%%

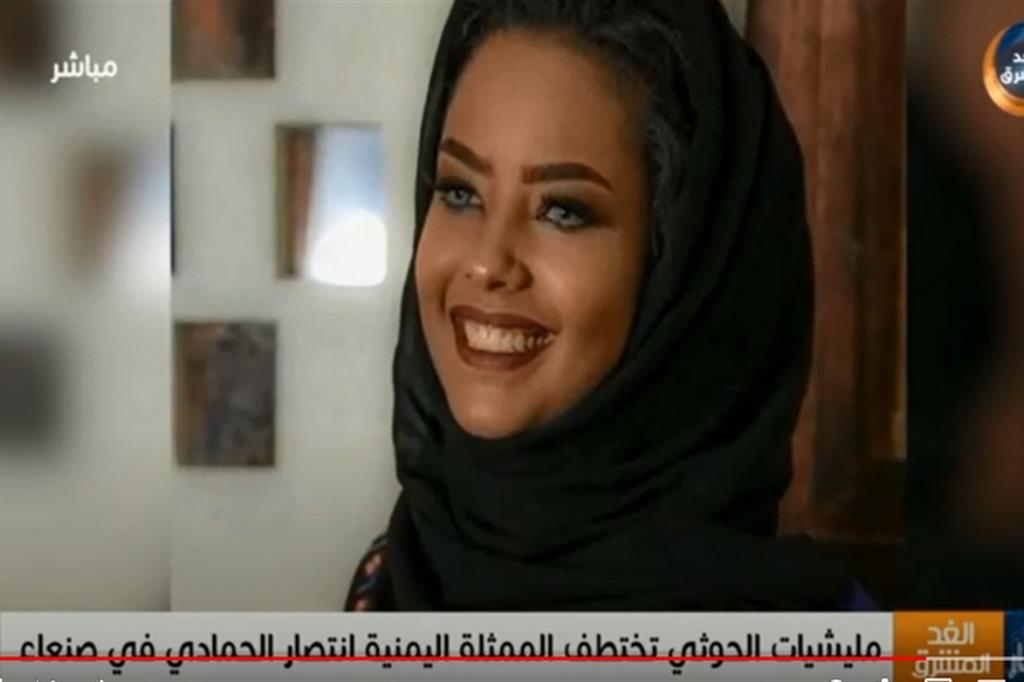La giovane modella yemenita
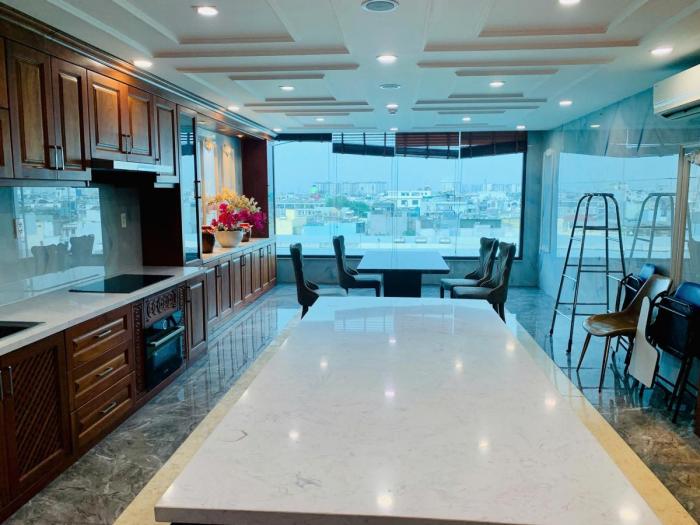Cho thuê tòa nhà mặt tiền 1222 Quang Trung quận Gò Vấp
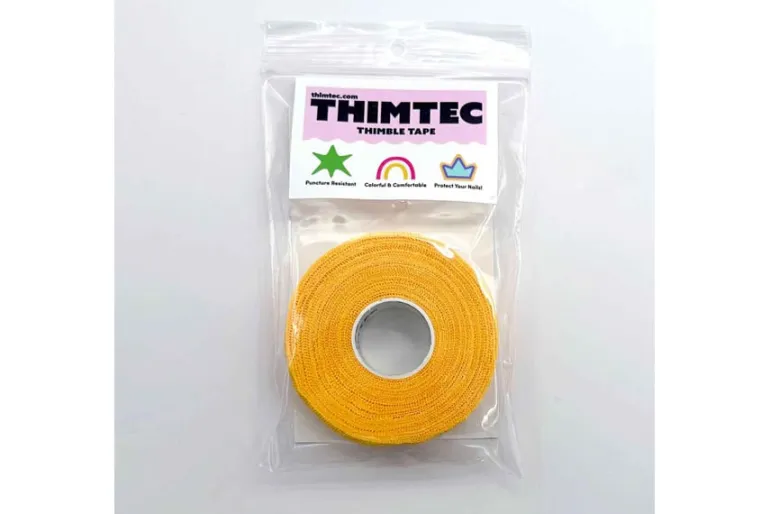 Thimtec Thimble Tape Sunshine Yellow – 3/4-inch by 45-feet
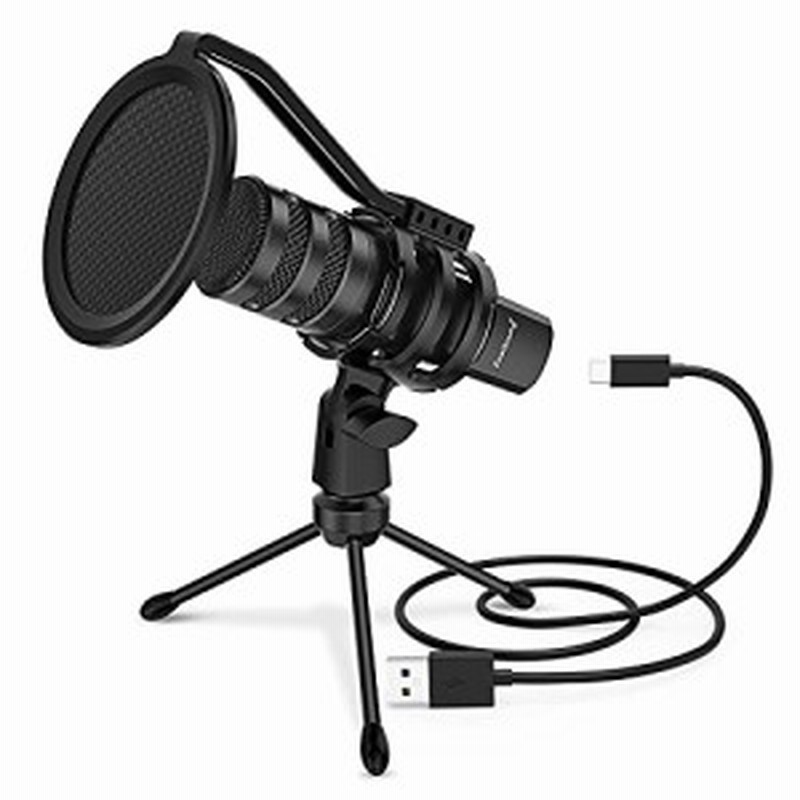 Zealsound Usb マイク コンデンサーマイク Pc マイク パソコンマイク 単一指向性 マイク ワンタッチミュート エコー機能付き 会議用 通販 Lineポイント最大1 0 Get Lineショッピング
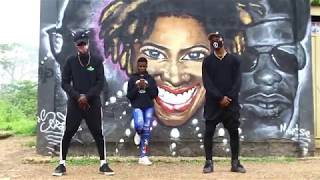 Guiltybeatz ft Pappy Kojo X Mr  Eazi Patapaa Akwaaba Official  Dance Video By YKD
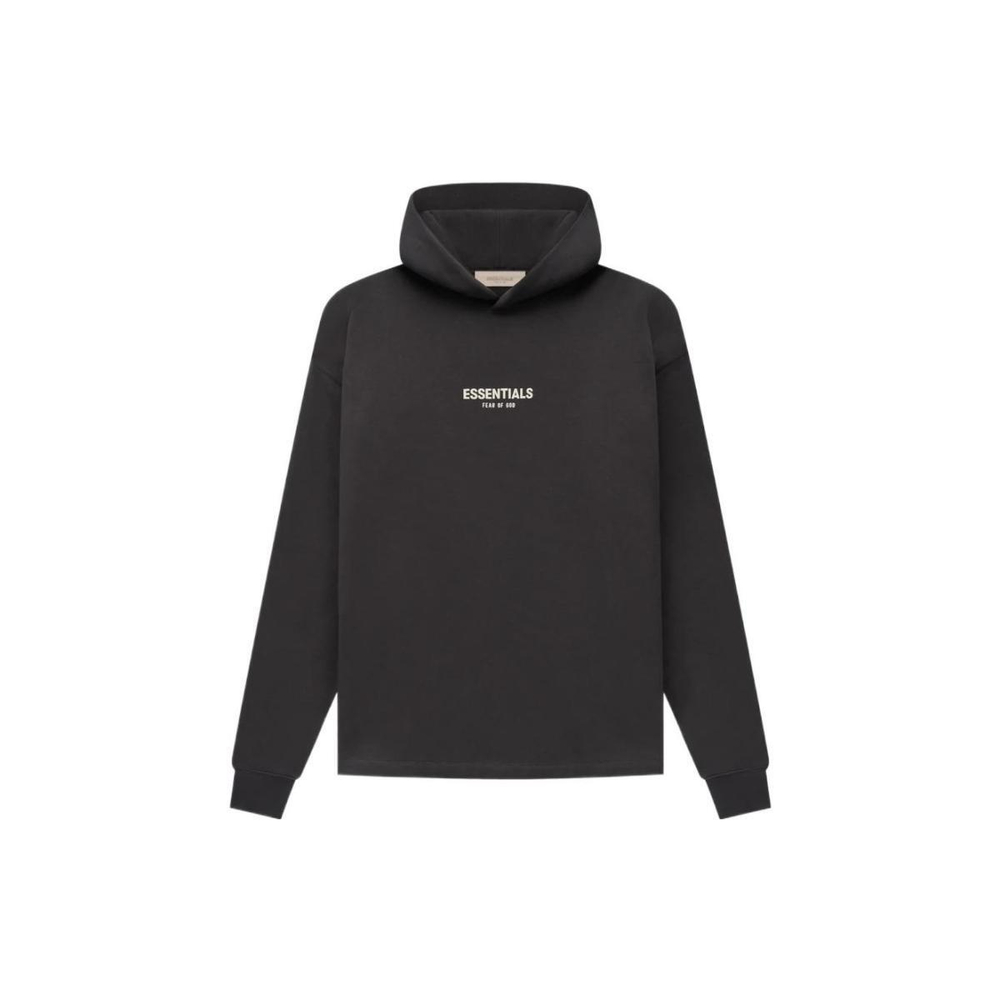 Толстовка Fear of God Essentials SS22 Relaxed Hoodie Iron Logo, FOG-SS22-148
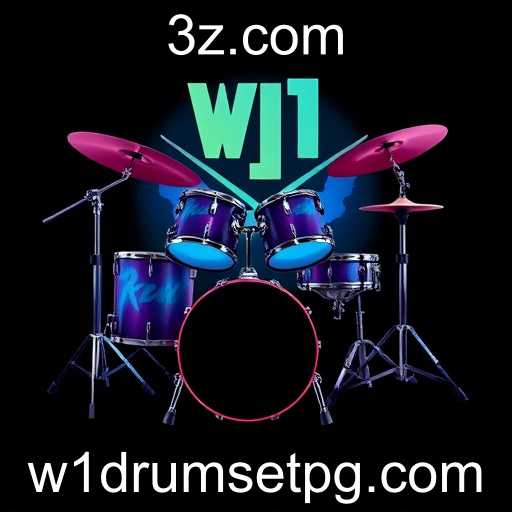 Revolução nos Jogos: W1-Drumsetpg.com Surpreende o Mercado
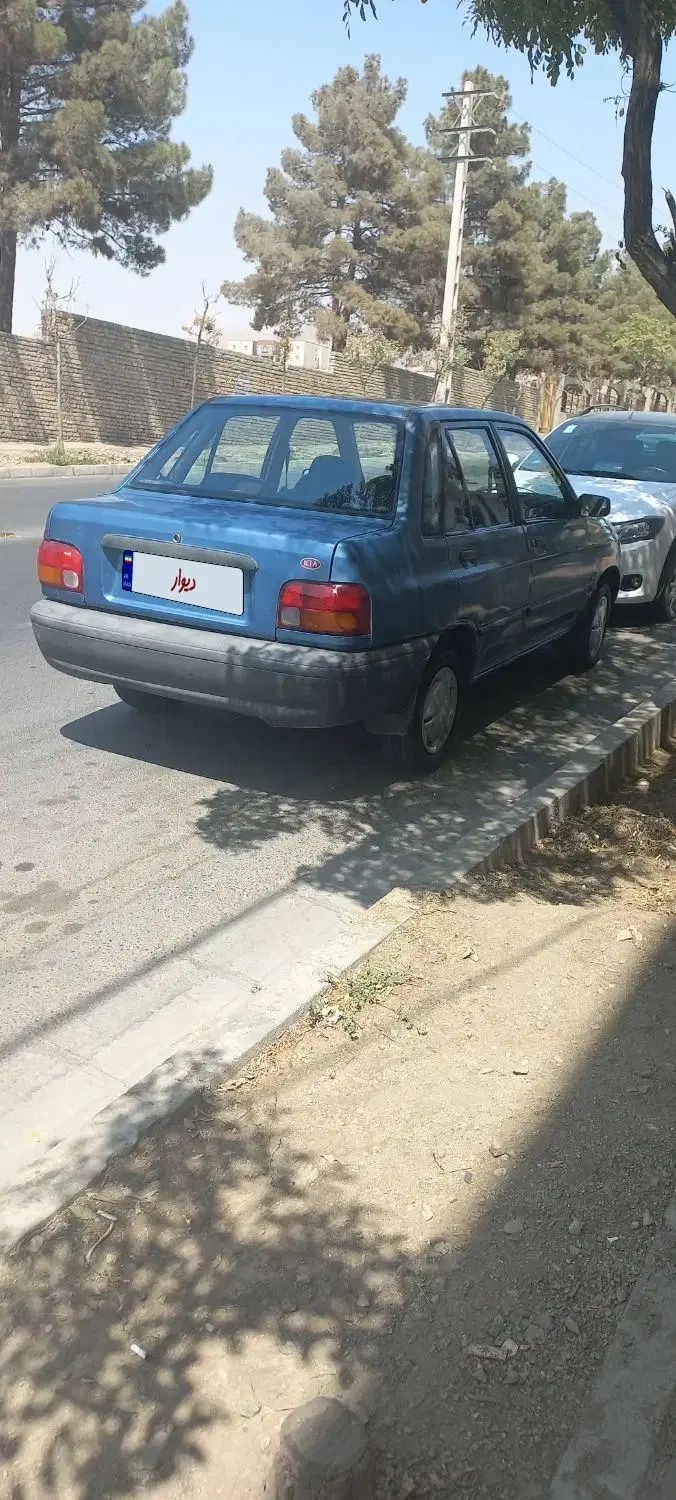 پراید صبا بنزینی - 1383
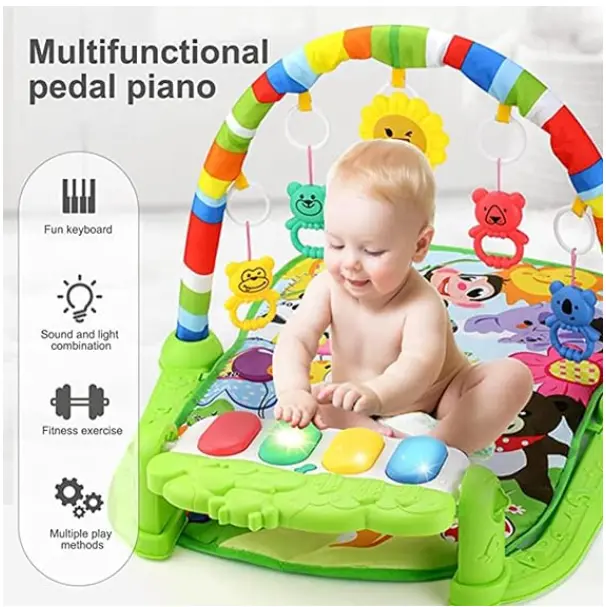 Musical Baby Pedal Piano Gym Mat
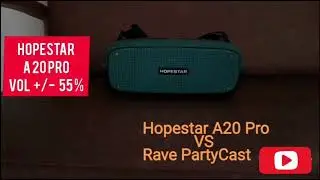 Hopestar A20 Pro VS Anker Rave PartyCast |🎧👍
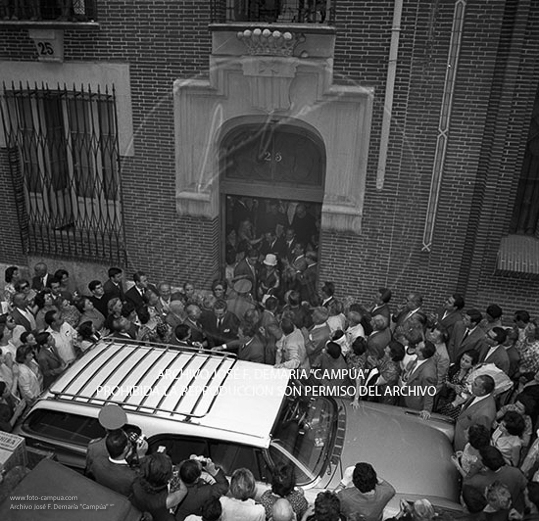 Perón y Mª Estela Martínez de Perón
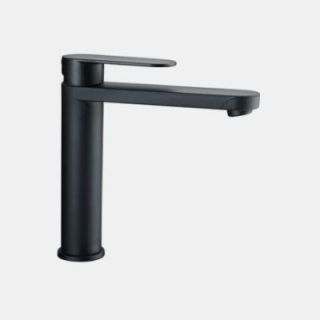 Matt black mixer tap LINNEAL L REICH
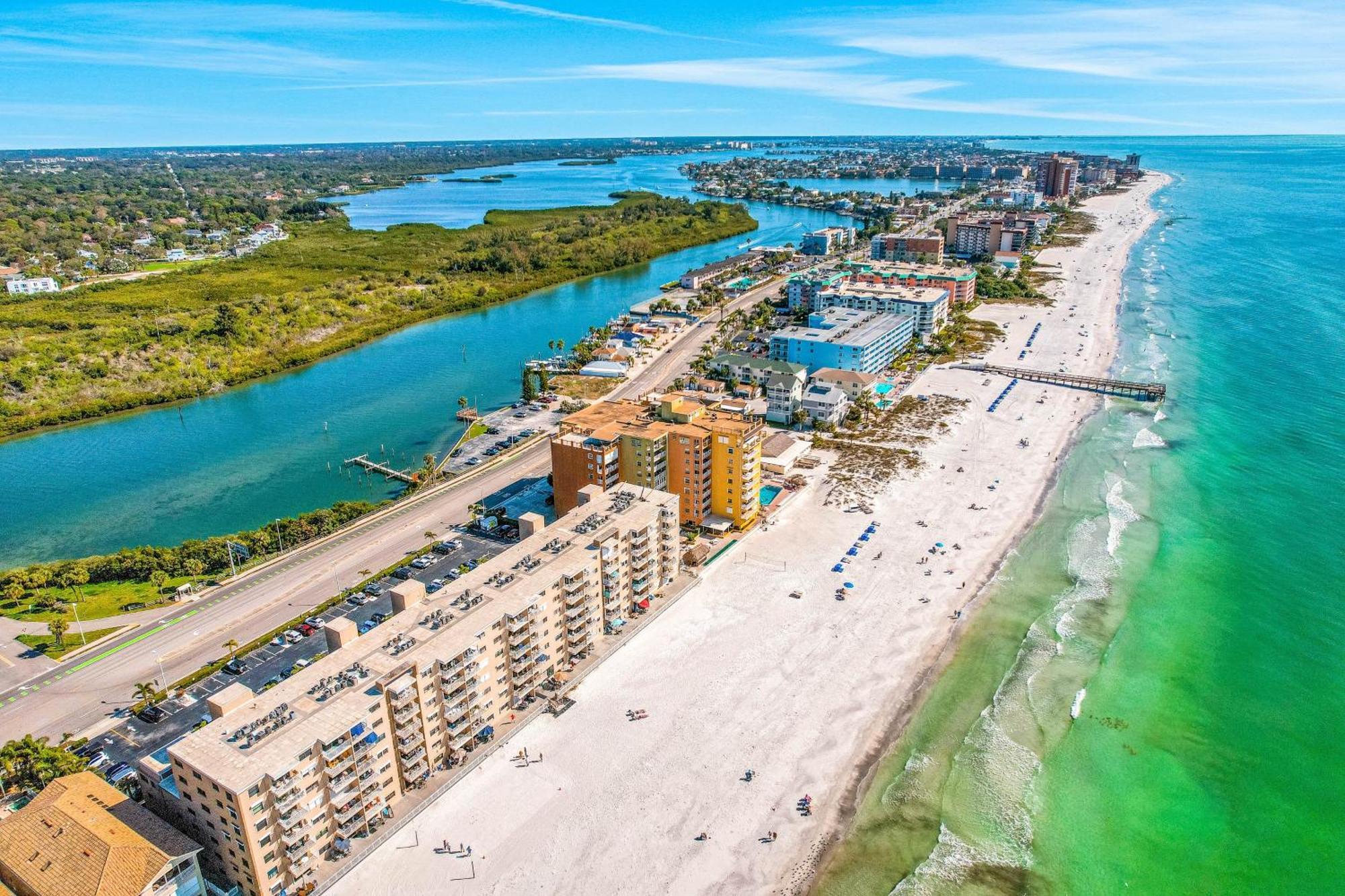 Holiday Villas III 505 Clearwater Beach Esterno foto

%%

Give back the exact lines above, running from the one that has "Zealsound Usb マイク" through the one that has "Matt black mixer tap LINNEAL L REICH", with nothing added and no pictures.

**Task answer:**
 Zealsound Usb マイク コンデンサーマイク Pc マイク パソコンマイク 単一指向性 マイク ワンタッチミュート エコー機能付き 会議用 通販 Lineポイント最大1 0 Get Lineショッピング
 Guiltybeatz ft Pappy Kojo X Mr  Eazi Patapaa Akwaaba Official  Dance Video By YKD
 Толстовка Fear of God Essentials SS22 Relaxed Hoodie Iron Logo, FOG-SS22-148
 Revolução nos Jogos: W1-Drumsetpg.com Surpreende o Mercado
 پراید صبا بنزینی - 1383
 Musical Baby Pedal Piano Gym Mat
 Hopestar A20 Pro VS Anker Rave PartyCast |🎧👍
 Perón y Mª Estela Martínez de Perón
 Matt black mixer tap LINNEAL L REICH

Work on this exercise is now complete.